“The struggle for the summit itself, is enough to fill the human heart; one must imagine Sisyphus happy.”
Dalam perspektif saya pribadi, perluasan dari kalimat tersebut adalah;
"Perjuangan menuju puncak itulah kehidupan--meski nantinya kita harus mengulang lagi. Meski tampaknya sia-sia, tapi sesungguhnya kehidupan itu sendiri yang sebenarnya didamba oleh Sisyphus. Kita harus membayangkan Sisyphus bahagia, menikmati 'hidup' meski berat. Tapi setidaknya Sisyphus tidak di neraka dalam kematian."
Kira-kira begitu.
Kurang lebih pada dasarnya seperti itu pula kehidupan kita. Dimana kita dibekali kemampuan untuk mendorong sebongkah batu menuju puncak, meski kita tahu satu saat batu tersebut akan menggelinding ke bawah, dan kita harus mendorongnya kembali seperti awal.
Ya hidup memang begitu. Sepertihalnya roda yang berputar. Terkadang kita di atas, terkadang di bawah. Meski... hanya dibedakan jangka waktunya saja. Sukur-sukur pas di atas agak lebih lama daripada di bawah hehe...

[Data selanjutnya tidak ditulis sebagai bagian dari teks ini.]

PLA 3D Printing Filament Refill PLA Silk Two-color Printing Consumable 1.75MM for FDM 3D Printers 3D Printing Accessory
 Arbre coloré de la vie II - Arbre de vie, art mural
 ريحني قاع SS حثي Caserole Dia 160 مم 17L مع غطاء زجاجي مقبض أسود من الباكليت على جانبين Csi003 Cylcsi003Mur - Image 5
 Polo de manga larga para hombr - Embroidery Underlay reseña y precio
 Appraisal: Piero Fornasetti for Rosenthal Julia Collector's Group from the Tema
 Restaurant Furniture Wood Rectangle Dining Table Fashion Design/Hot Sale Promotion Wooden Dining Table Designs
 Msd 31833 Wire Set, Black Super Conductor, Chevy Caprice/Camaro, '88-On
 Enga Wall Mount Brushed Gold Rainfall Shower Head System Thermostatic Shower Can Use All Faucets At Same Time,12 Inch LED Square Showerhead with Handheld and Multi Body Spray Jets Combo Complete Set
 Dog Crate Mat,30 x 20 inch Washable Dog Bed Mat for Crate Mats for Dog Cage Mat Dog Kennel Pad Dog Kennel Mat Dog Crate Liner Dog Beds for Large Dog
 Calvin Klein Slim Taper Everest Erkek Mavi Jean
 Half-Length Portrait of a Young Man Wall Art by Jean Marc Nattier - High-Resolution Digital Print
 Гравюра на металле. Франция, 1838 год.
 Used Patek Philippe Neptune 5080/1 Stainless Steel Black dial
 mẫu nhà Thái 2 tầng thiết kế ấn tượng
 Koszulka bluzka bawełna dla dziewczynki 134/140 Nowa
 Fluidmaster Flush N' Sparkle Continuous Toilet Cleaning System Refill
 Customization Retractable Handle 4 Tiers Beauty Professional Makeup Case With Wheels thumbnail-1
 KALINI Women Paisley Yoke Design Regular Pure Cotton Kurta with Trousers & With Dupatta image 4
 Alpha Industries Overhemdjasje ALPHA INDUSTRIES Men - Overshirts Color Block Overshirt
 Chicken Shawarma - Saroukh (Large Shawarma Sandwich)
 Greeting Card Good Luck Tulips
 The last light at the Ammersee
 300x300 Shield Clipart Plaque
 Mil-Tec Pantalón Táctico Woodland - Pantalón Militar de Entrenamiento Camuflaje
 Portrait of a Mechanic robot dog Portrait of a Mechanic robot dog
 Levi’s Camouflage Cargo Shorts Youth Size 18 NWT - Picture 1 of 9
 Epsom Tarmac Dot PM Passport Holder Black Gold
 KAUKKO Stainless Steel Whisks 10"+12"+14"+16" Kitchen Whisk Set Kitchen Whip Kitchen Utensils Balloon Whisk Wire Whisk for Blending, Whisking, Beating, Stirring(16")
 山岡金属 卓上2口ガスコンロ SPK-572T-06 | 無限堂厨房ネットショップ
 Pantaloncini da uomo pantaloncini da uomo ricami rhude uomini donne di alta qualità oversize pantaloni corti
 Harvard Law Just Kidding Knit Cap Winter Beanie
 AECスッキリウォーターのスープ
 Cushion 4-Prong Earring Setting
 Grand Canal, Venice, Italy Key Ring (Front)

Dalam hidup kita juga akan tetap menemukan masalah, meski sebelumnya kita sudah menyelesaikan masalah. Meskipun kemasan dan beratnya permasalahan tersebut berbeda, tetap saja kita harus menyelesaikannya. Tidak bisa kita memprotes para Dewa dengan pertanyaan;
"Lah, kemarin kan saya sudah menyelesaikan masalah? Kenapa dikasih masalah lagi sih? Mestinya kan dikasih Give Away!"
Tidak.
Bukan begitu konsep hidup.
Maka kembali lagi pada pilihan yang sudah dituliskan Albert Camus di awal tulisan ini;
“Should I kill myself or have a cup of coffee?”